秋葉さんは子供の頃からコンピュータに興味があり、中学1年生のときにプログラミングを始めました。クラブ活動を通じて競技プログラミングに出会い、中高とプログラムを書き続け、プログラミングなら誰にも負けないという絶大な自負を持つまでになりました。

ところが、高校生向けのプログラミングコンテストで、その自負を打ち砕かれる衝撃的な敗北を味わいます。相手は数学の天才。しかし、コンピュータやプログラミングにそこまで詳しいわけではなく、コードの書き方は洗練されたものではありませんでした。にもかかわらず、その性能は秋葉さんのきれいなコードを上回っていました。「これは、使われているアルゴリズムの違いでした。プログラムはコンピュータとコミュニケーションする方法にすぎなくて、アルゴリズムという、“どうやってコンピュータに仕事をさせるか”の処理手順で効率が大きく変わる。このことに気付かされ、ものすごく衝撃を受けました」

こだわりのプログラムも、アルゴリズムがよくないと負けてしまう。プログラミングの背後にあるサイエンティフィックな奥深さに気づき、アルゴリズムを学びたいと思うようになりました。

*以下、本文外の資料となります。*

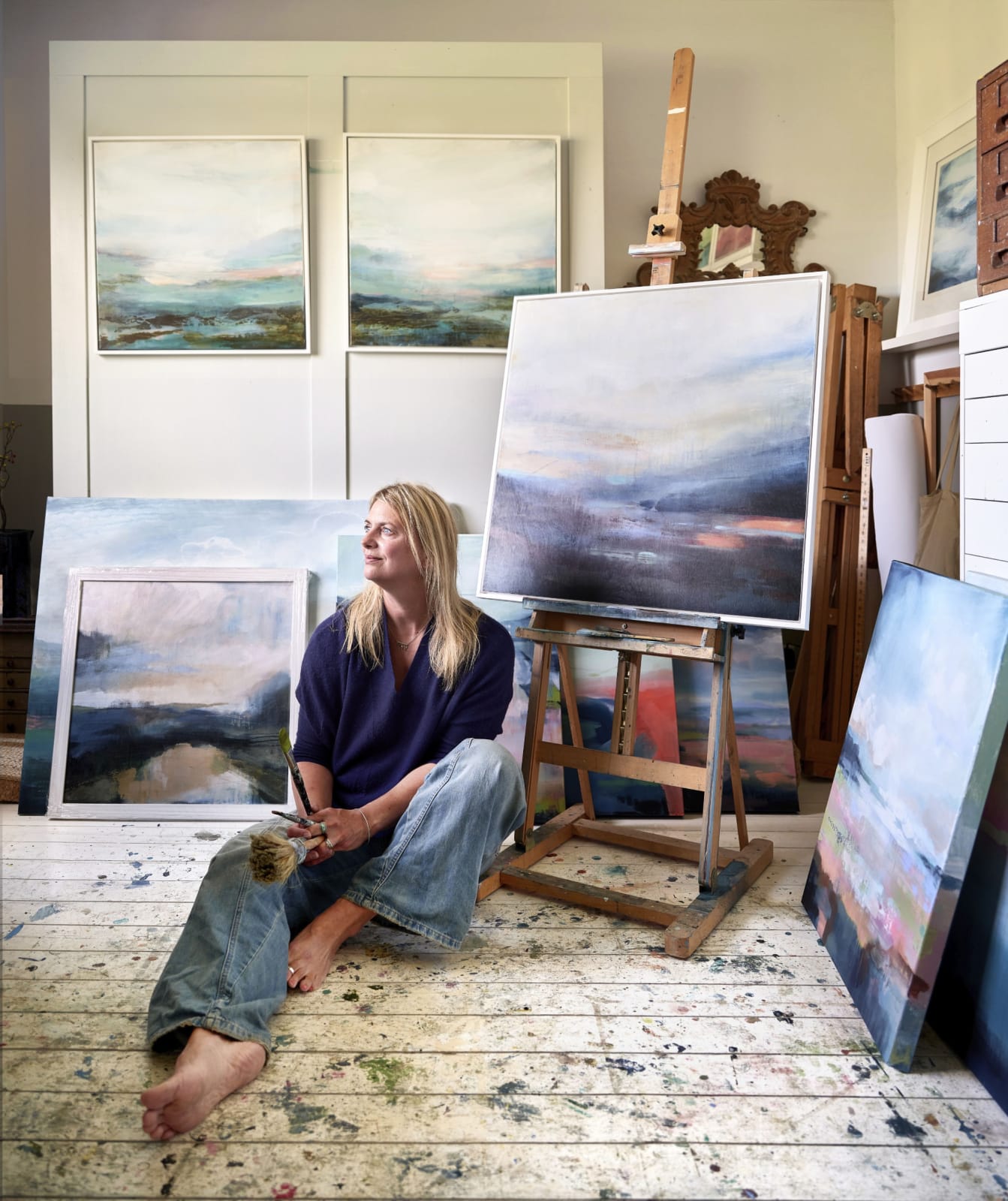 Miranda Carter, captured in her studio surrounded by canvases and brushes, reflecting on the intersection of art and sustainability. Photography rights to Miranda Carter, 2025. Copyright © 2025 Les Bois Magazine. All rights reserved.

大学進学後、教養課程ではますます競技プログラミングに打ち込みます。「競技プログラミングのための生活をしていました。それ以外のことはやりたくなくて授業をサボったりもしていました」と振り返ります。後期課程に進学すると、これがガラリと変わります。「情報科学科のカリキュラムは最高でした。僕の学びたいことしかありませんでした」と前のめりで話す秋葉さん。「コンピュータや計算を軸に、あらゆるレイヤーのことを学べるカリキュラムになっていて、“計算とは何か”のような抽象度の高いところから、“CPUをどのように作るのか”といった具体的なところまでカバーされていました。このときの学びが貯金となり、その後の仕事でもずっと活かされています」と言います。

自分にしか書けないプログラムを創りたい

「誰でも作れるプログラムではなくて、他の人が書いたものよりも優れたプログラムを創りたい。だからこそ、その手段であるアルゴリズムに興味を持ちました」と話す秋葉さん。大学院で研究テーマに選んだのは、SNS上での繋がりのような、実世界に存在するグラフ構造において、大量のデータを処理するためのアルゴリズムでした。

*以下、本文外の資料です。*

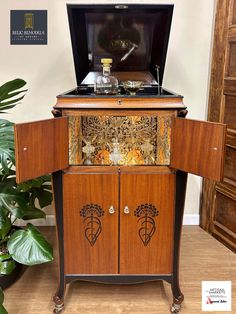 an old fashioned record player is sitting on top of a wooden cabinet in front of a potted plant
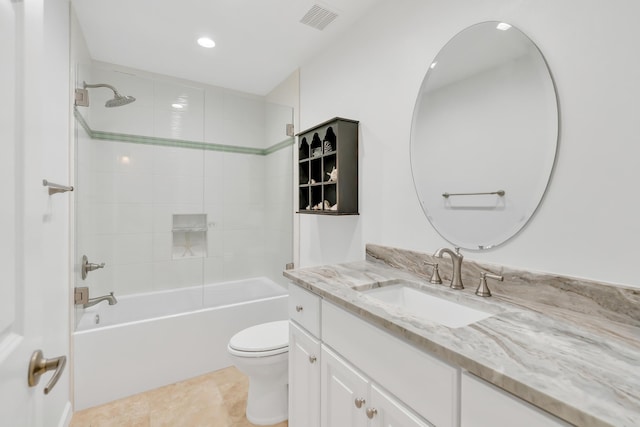 full bathroom with tile patterned floors, visible vents, toilet,  shower combination, and vanity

アルゴリズム研究者はおしなべて、早く計算できる理由をきっちりと追いかけたいと思うものですが、実世界のグラフデータは数学的にきちんと表現するのが難しく、「最速である」とか「このような理由で早い」といったことが示しづらいところがあります。「早いことが大事で、その理由は後回しでもいい。動かしてみて早いプログラムが勝ち」という一般的なアルゴリズム研究とは少し違うこの分野は、なにを差し置いてもより優れたプログラムを創りたいという秋葉さんの志向と相性のよいものでした。

学位取得後も国立情報学研究所の助教としてアルゴリズムの研究を続けますが、1年ほどでディープラーニングへと大きくテーマをチェンジすることになります。「難しい問題を解くこと自体大好きだったのですが、重要なテーマが段々と解かれていき、新しいテーマを考えるタイミングになっていました。ディープラーニングが成果を上げてきていて、いまなら世の中に大きなインパクトを与えられるかもしれないと思いました。」

ソースコードにはすべてが書かれている

Preferred Networksへの転職と同時に専門を変えた秋葉さんは、ディープラーニングについてゼロから学び直すことになります。しかし、先行者に追いつくのに不安はなかったと言います。そして、本や論文を読むことに加え、ソースコードを読むことの大切さを説きます。「ソースコードは、すべてが書かれた設計図なんです。コンピュータは行間を読めないので、ソースコードにも行間はありません。ソースコードを読んだり実行したりすることで、より深い理解が得られます」

さらに、新規性の高い斬新な技術の場合、結局は誰もがほぼゼロからスタートすることになると指摘します。移り変わる技術の最先端で戦うときに大事なのは、より根本的なこと、理学部で学んだコンピュータの原理や計算とはなにかといった普遍のことなのです。

生成AI分野で技術力の勝負をしたい

ディープラーニングの研究を7年続け、そろそろまた次のステージへと進むタイミングを計っていた折に、生成AIの波がやってきました。世の中の変革の中心地にいたいと、生成AIのことを100%考えていられる環境を求め、Sakana AIに移ります。ChatGPTのようなLLM(Large Language Model)に関する経験はゼロでしたが、ディープラーニングをゼロから学んだ経験もあり、今なら追いつくのは簡単だろうと飛び込みました。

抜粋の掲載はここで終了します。